Un album assez particulier dans la série Philémon. Le fil rouge était jusque là de ramener Barthélémy sur la lettre A, et parfois on digressait dû à quelques conséquences de l'album précédent (par exemple ramener le manu manu). Ici l'histoire semble n'avoir aucun rapport, la digression est déconnectée des autres albums.
En fait l'histoire nous raconte que Philémon a perdu la mémoire et que c'est sur le monde des lettres qu'il pourra la retrouver... Pourquoi on ne sait pas trop. Je dirais même qu'il s'agit là d'une incohérence puisque l'on a appris qu'il existe un personnage incarnant la mort dans chaque monde. Suivant cette logique, il semble étrange que la mémoire de Philémon soit dans ce monde des lettres... De même Fred annonce que si Philémon ne croit plus au monde des lettres, ce sera la fin de celui ci. Cette information est assez mal venue pour deux raisons: d'abord parce que, même si le clin d'oeil envers Peter Pan est sympa, cette déclaration n'a pas de sens par rapport à ce que l'on a vu et vécu au travers des précédents albums; ensuite parce que cette information n'aura aucune conséquence sur la suite: le monde des lettres se porte plutôt bien lorsque Barthélémy y arrive.
En fait, le scénario me déplaît par son élément perturbateur si incohérent, mais également par sa fin la plus facile que l'auteur ait jamais pondue: en fait tout ça n'était qu'un rêve.

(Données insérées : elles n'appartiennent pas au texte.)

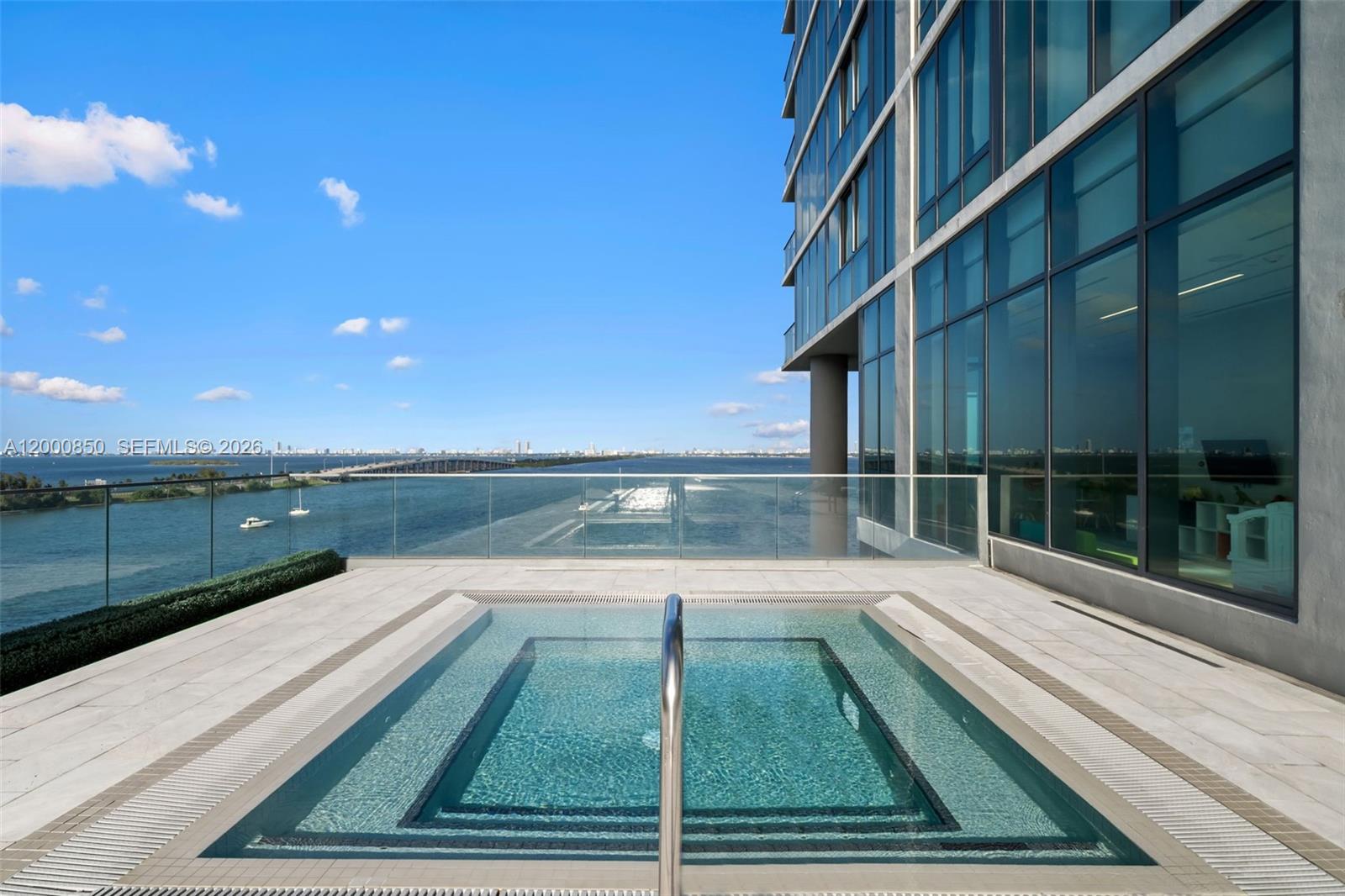 ONE PARAISO CONDO - Residential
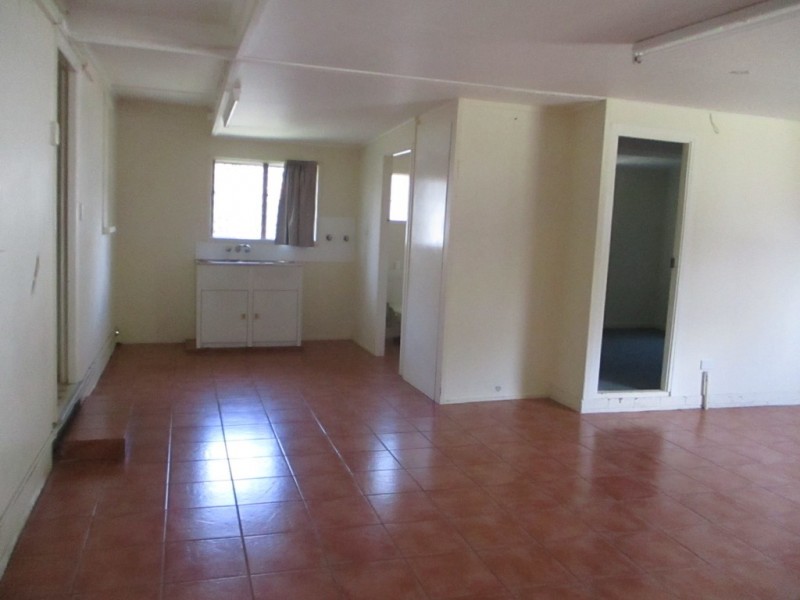 99 OAKA LANE, South Gladstone QLD 4680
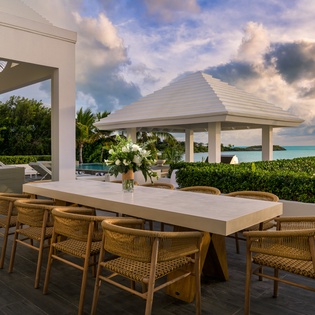 exterior-twin-palms-track10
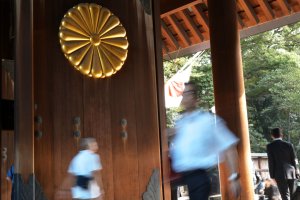 South Korea expresses 'deep disappointment' over Japanese PM's offering to WWII shrine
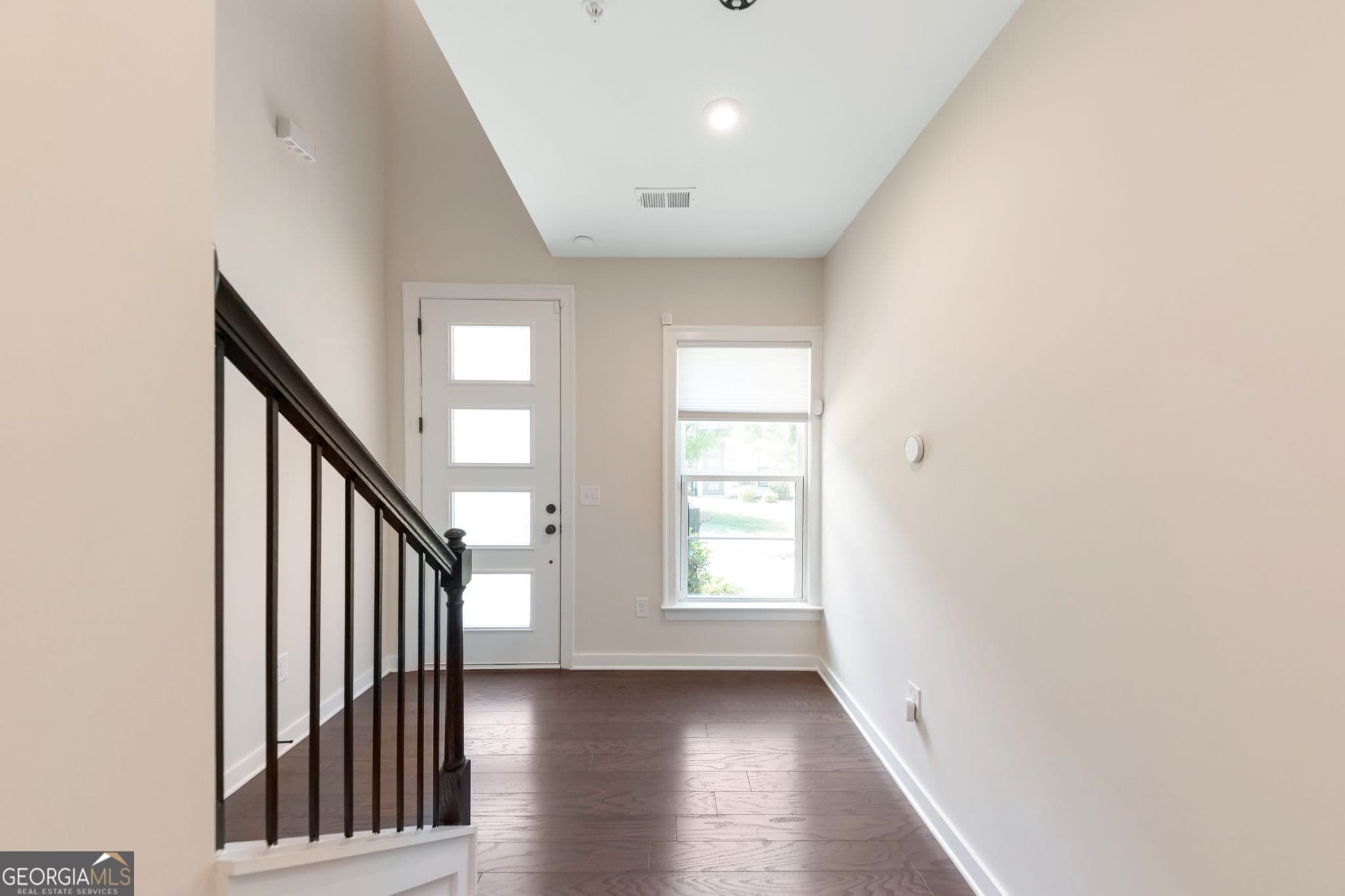 3 bedroom, 3.5 bathroom, 2,500 sq ft townhouse for rent at 2130 Holtz Lane, Atlanta, GA 30318 for $3,350 a month — photo 4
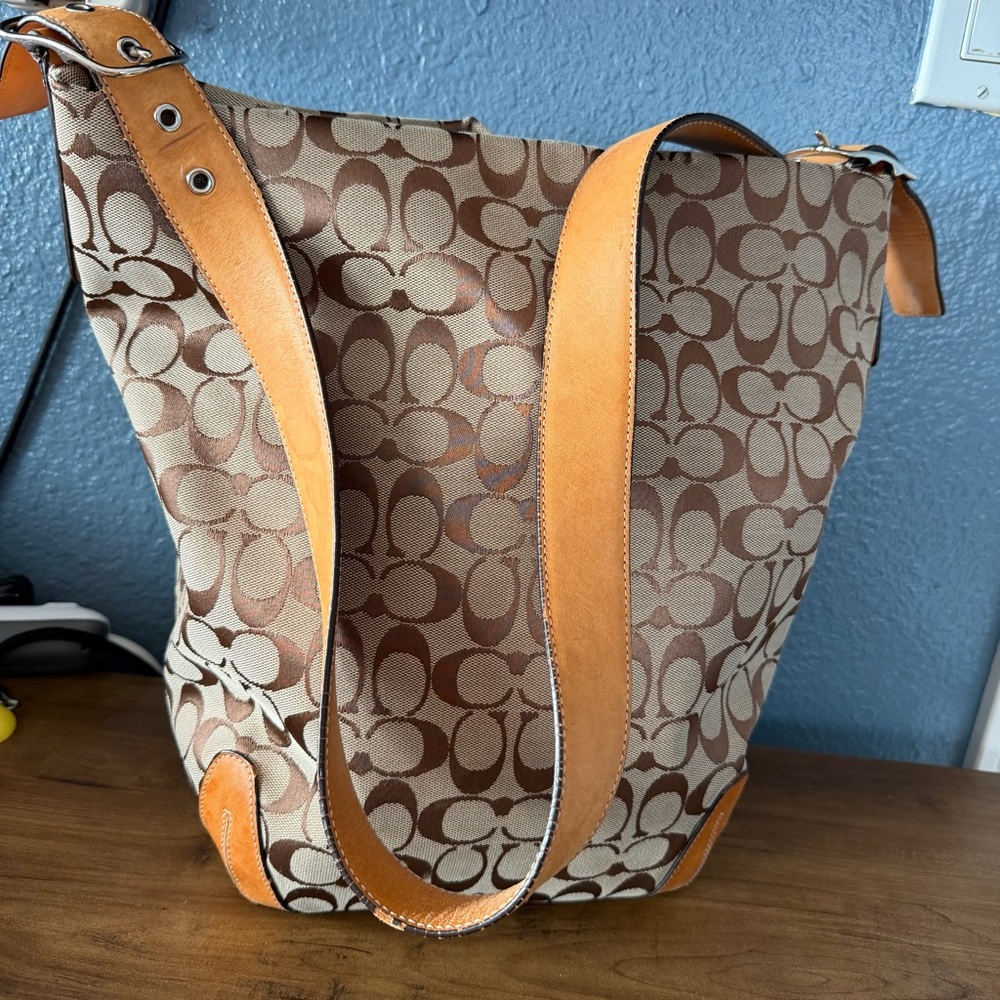 Vintage coach duffle hobo  bag Sold sold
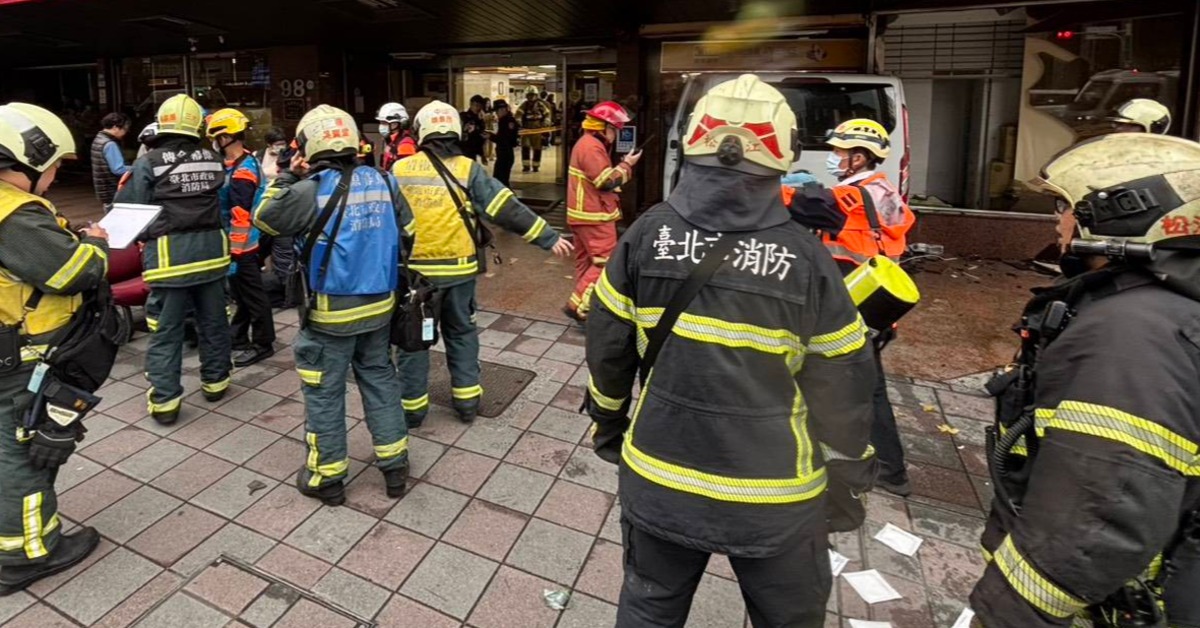 新／三立採訪車撞進銀行釀10傷！肇事駕駛將移送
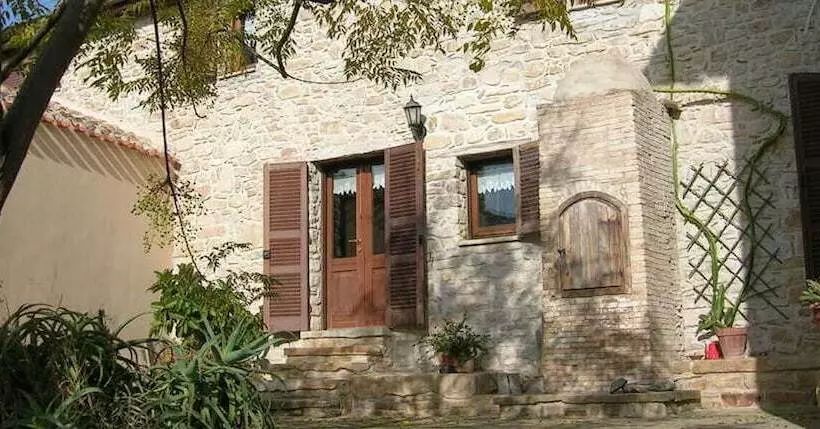 ベッドアンドブレックファースト Sa Domu De Sa Contissa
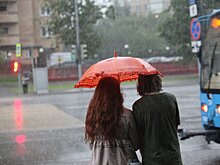 Москвичей предупредили о грозе и сильном ветре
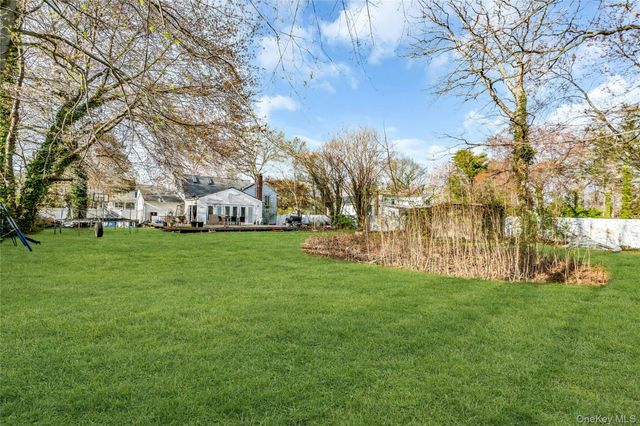 4 Clearbrook Drive, Smithtown, NY 11787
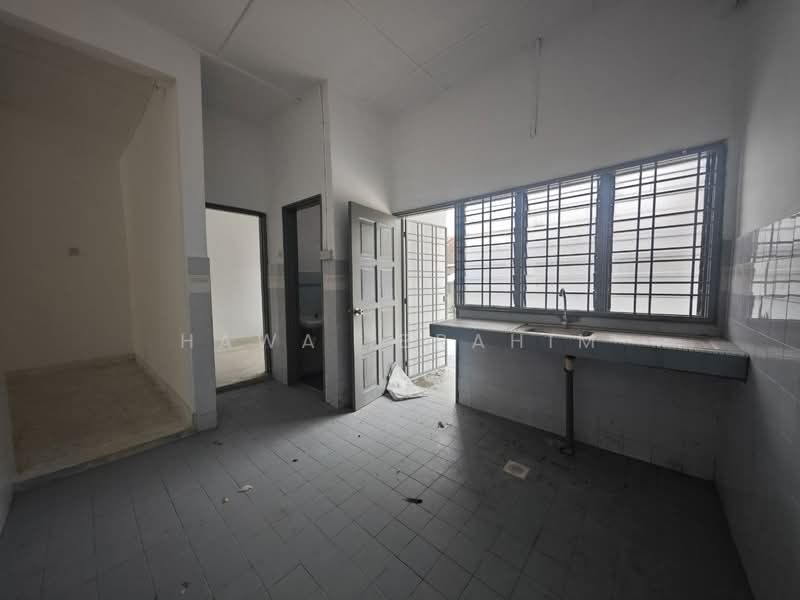 Rumah Teres 1-Tingkat untuk Dijual di Taman Desa Cempaka (Nilai) - Hawa Ibrahim - PropertyGuru.com.my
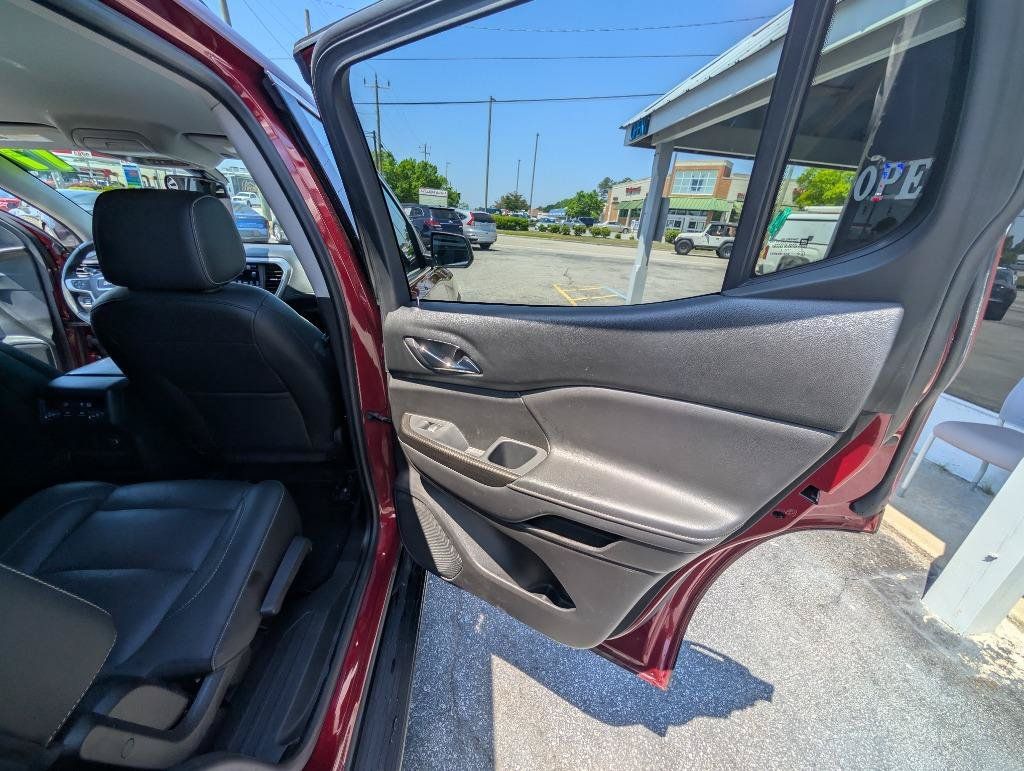 Used 2017 GMC Acadia SLT FWD image 40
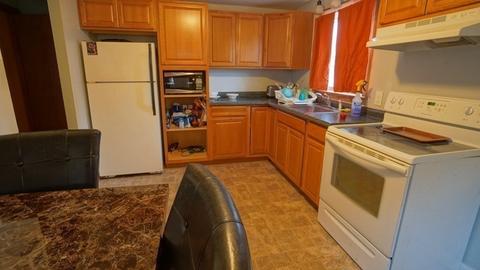 77 Humbert St, Springfield, MA 01109 photo 7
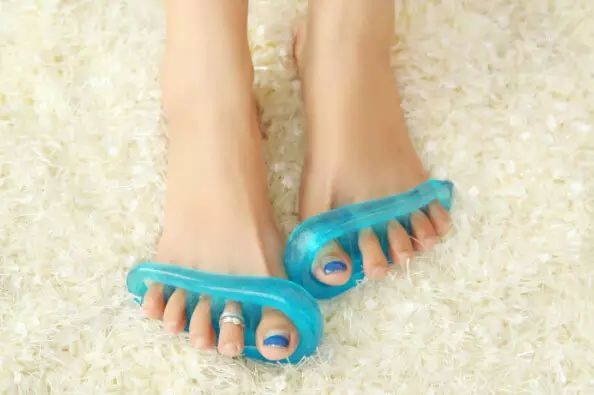 脚趾的张开是非常简单的不是练习,是游戏不是锻炼,是唤醒多跟你的脚趾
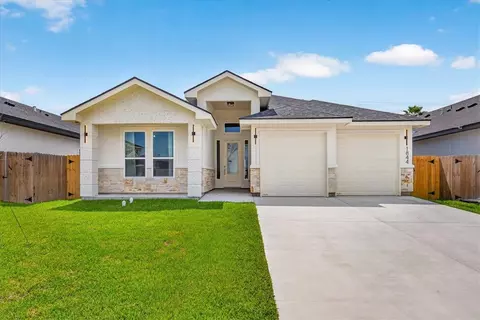 1844 Spoonbill Dr, Portland, TX 78374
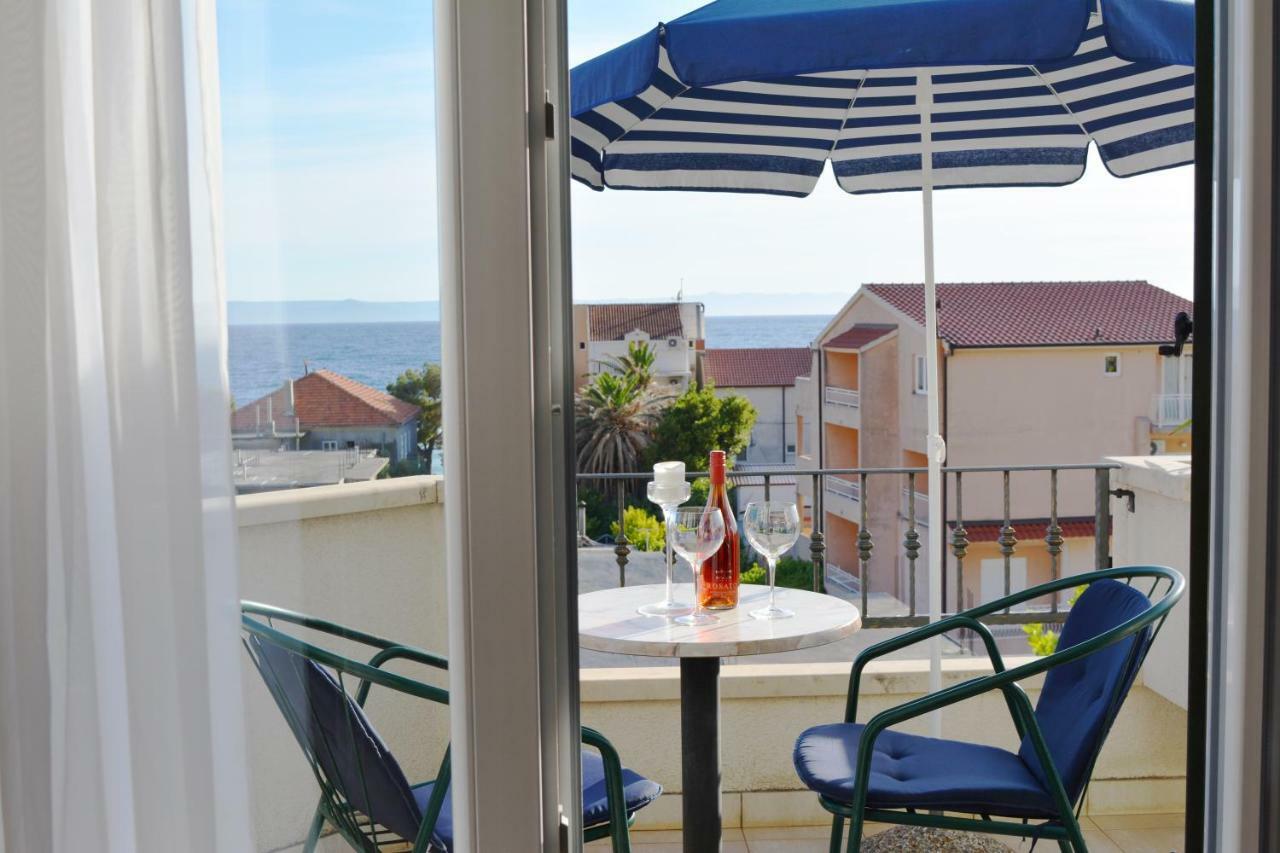 Apartments Villa Lili Tučepi Extérieur photo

Si le surréalisme ambiant des albums permet à Fred de finir une histoire comme il veut, le fait d'avoir recours à une telle solution relève du simple mauvais goût de la pure paresse scénaristique.
Pourtant le reste de l'histoire est plutôt passionnant. Fred recycle une de ses histoires du 'petit cirque': la ville enfouie sous la neige est en effet l'exact même décors qu'une de ces courtes histoires écrites dans l'album mentionné. Puis il y a cette idée de grêve générale de la mémoire qui est plutôt très drôle, les gendarmes fleurs, les bonhommes de neige défenseurs, l'homme qui boit pour se souvenir... Que d'éléments qui transportent le lecteur. Il est donc dommage que cela commence et termine si mal.
Graphiquement, il m'est plus difficile de faire la comparaison avec les précédents albums puisque je suis en train de lire l'intégrale 11-15 , alors que, jusque là, je lisais les rééditions au format original, album par album. Les pages étant désormais plus petites, certains détails peuvent m'échapper dans la justesse du trait. Néanmoins, je perçois que l'auteur a été moins paresseux et plus précis. Il reste encore ci et là un dessin qui sent la fin de journée, mais ça reste globalement homogène. On s'aperçoit aussi que l'auteur gère mieux le rythme de ses planches avec un découpage plus clair, plus simple (ses pages sont plus souvent aménagées pour 3 lignes de strips et non plus 4 comme c'était souvent le cas au début... son dessin respire alors mieux). Fred se fait également plus discret dans ses expérimentation. Le peu qu'il y a reste sobre. Cela paraîtra peut être insignifiant pour beaucoup, mais j'ai pu constater également que Fred donne plus de place à des personnages féminins (les secrétaires sont des femmes, une sirène met Barthélémy en garde, ...) alors que jusque là le monde des lettres était principalement masculin.
Bref, un album finalement inégal puisqu'il possède de très bonnes choses mais aussi de très mauvaises. A lire tout de même surtout pour les fans de ce monde imaginaire.